## [Exercise instructions]
Among the entries below, only the lines starting at the one with "Stab in the" and ending at the one with "Make sure your", both included, are to be printed exactly.

=-=-=

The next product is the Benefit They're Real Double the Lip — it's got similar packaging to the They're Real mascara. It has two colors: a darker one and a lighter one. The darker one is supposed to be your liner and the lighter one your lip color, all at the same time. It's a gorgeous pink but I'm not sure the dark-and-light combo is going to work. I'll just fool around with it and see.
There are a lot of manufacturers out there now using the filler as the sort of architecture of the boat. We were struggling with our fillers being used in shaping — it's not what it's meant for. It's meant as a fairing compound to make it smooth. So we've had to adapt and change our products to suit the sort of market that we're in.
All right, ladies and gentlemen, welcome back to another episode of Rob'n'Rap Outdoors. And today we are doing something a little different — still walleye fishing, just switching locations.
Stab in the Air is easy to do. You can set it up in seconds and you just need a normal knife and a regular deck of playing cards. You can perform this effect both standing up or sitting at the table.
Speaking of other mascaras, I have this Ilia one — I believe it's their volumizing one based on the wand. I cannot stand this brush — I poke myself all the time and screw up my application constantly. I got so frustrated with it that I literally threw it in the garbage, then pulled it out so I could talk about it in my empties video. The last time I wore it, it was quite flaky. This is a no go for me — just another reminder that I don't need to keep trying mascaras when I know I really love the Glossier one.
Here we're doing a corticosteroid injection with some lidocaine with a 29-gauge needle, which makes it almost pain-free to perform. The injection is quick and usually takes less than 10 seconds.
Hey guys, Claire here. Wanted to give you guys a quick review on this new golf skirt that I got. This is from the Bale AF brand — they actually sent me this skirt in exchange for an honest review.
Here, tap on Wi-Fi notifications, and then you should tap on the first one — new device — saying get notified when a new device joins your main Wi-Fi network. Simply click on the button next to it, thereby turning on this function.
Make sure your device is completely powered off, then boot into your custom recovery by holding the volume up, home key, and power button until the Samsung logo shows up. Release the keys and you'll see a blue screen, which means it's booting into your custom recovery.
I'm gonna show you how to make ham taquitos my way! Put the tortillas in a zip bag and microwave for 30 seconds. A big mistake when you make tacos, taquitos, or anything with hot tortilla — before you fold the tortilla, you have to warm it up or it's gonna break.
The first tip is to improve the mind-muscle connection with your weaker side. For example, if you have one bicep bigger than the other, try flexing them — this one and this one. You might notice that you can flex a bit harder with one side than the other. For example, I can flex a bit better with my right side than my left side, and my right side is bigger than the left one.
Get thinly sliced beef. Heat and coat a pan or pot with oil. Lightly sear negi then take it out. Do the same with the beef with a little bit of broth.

=-=-=

## [Output for this task]
Stab in the Air is easy to do. You can set it up in seconds and you just need a normal knife and a regular deck of playing cards. You can perform this effect both standing up or sitting at the table.
Speaking of other mascaras, I have this Ilia one — I believe it's their volumizing one based on the wand. I cannot stand this brush — I poke myself all the time and screw up my application constantly. I got so frustrated with it that I literally threw it in the garbage, then pulled it out so I could talk about it in my empties video. The last time I wore it, it was quite flaky. This is a no go for me — just another reminder that I don't need to keep trying mascaras when I know I really love the Glossier one.
Here we're doing a corticosteroid injection with some lidocaine with a 29-gauge needle, which makes it almost pain-free to perform. The injection is quick and usually takes less than 10 seconds.
Hey guys, Claire here. Wanted to give you guys a quick review on this new golf skirt that I got. This is from the Bale AF brand — they actually sent me this skirt in exchange for an honest review.
Here, tap on Wi-Fi notifications, and then you should tap on the first one — new device — saying get notified when a new device joins your main Wi-Fi network. Simply click on the button next to it, thereby turning on this function.
Make sure your device is completely powered off, then boot into your custom recovery by holding the volume up, home key, and power button until the Samsung logo shows up. Release the keys and you'll see a blue screen, which means it's booting into your custom recovery.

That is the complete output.